Brief — Sort through the entries below and pull out lines containing the word "used".

Source data —
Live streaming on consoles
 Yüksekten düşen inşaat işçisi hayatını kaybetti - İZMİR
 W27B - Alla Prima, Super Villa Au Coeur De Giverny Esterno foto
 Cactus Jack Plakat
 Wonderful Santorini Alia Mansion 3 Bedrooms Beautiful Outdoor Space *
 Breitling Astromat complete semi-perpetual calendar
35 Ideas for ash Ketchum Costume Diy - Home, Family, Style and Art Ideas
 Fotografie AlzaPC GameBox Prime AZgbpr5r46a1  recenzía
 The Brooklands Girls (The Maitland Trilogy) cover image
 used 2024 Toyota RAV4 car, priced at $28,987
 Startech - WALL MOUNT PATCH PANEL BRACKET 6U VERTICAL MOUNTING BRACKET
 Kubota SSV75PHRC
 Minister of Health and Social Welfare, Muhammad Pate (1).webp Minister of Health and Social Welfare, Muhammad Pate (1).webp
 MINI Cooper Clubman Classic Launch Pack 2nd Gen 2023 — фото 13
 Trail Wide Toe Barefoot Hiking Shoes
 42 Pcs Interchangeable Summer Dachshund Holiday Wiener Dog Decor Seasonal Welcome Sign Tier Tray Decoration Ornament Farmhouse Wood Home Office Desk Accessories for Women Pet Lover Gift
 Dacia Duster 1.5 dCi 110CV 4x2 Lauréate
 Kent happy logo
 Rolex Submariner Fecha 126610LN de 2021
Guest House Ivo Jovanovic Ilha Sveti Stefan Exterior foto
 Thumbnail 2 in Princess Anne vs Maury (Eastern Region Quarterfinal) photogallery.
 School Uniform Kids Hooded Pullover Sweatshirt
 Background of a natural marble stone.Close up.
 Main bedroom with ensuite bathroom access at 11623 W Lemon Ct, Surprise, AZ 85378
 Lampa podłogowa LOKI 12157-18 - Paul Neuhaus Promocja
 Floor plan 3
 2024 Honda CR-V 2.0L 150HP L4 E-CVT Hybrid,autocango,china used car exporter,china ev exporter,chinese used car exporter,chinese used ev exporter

Task answer —
 used 2024 Toyota RAV4 car, priced at $28,987
 2024 Honda CR-V 2.0L 150HP L4 E-CVT Hybrid,autocango,china used car exporter,china ev exporter,chinese used car exporter,chinese used ev exporter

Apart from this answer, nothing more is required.